The minimalist in me thought you'd done well. I still found literally dozens of additional "savings" you might consider. But, this must always be the author's preference. For some I have suggested, you certainly should choose the longer form because it conveys some nuance or stress you want a bit better.
I suggested a couple be corrected the other way! I include an almost routine use of contractions in my style of minimalism. I suggested you change "I've" to "I have" in two sentences. I assess the meaning of 'have' in those sentence significant enough to justify the full word which has the effect of giving it some extra emphasis.
As I've already mentioned, I was irritated by the number of times I found the same word used several times in a short paragraph. There's a difference between some things you've done and parallel structures. Those use repeats of some words – in exactly the same way – to establish the pattern which allows other words to be inferred rather than repeated.
The KISS advocate in me adored your default sentence structure: subject, verb, and the rest. Yes, there are many valid reasons for not using that structure, well Duh!, but I believe you should have a reason for not using it whenever you do not. I thought valid reasons did exist every time you did not use simple sentence structures.
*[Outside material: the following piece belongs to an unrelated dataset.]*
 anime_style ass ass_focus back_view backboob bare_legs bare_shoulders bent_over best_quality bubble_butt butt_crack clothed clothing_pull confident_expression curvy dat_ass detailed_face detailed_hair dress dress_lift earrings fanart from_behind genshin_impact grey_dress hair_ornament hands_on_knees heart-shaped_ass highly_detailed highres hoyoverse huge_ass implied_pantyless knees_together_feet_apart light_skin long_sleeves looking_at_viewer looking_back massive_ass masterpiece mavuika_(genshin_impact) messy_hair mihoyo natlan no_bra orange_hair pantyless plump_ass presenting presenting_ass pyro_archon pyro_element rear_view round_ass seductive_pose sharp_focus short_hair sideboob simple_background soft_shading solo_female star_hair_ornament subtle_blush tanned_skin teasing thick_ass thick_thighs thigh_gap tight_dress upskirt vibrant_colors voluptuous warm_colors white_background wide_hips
The poet in me loves your ear for the appropriate use very short sentences. My edit comments include (1) using a three-word sentence to end this paragraph was the ideal choice to make, and (2) the length of this paragraph is perfect: two words.
Be careful not to overdo that with too many, too close together. Sometimes, for variety, find two closely related ideas and join them with 'and'.
In my never humble opinion, Hemingway's assessment of this story would be, "Keep on working at it. You have obvious potential."
* * *
Before anyone else points this out, you cannot treat my opinions as facts. Bear in mind that two years ago you were an accomplished author and I have never heard of an Oxford Comma. However, I think you can use the quality of my posts here to judge my credibility for yourself. The specific question your OP raised happens to have hit what I consider the sub-field of writing I have a gift for and have developed into a talent. I will NOT presume to advise you on the vast range of topics I would group under good storytelling.
Finally, this piece of literature, 1400-words long, took me exactly three-and-a-half hours to write my draft and complete my revision process. That level of productivity is the main reason why I recommend new authors concentrate on learning to write first – i.e. learn to think as you write. If you do that you'll be much more productive, as well as better, for the remainder of your fiction writing career!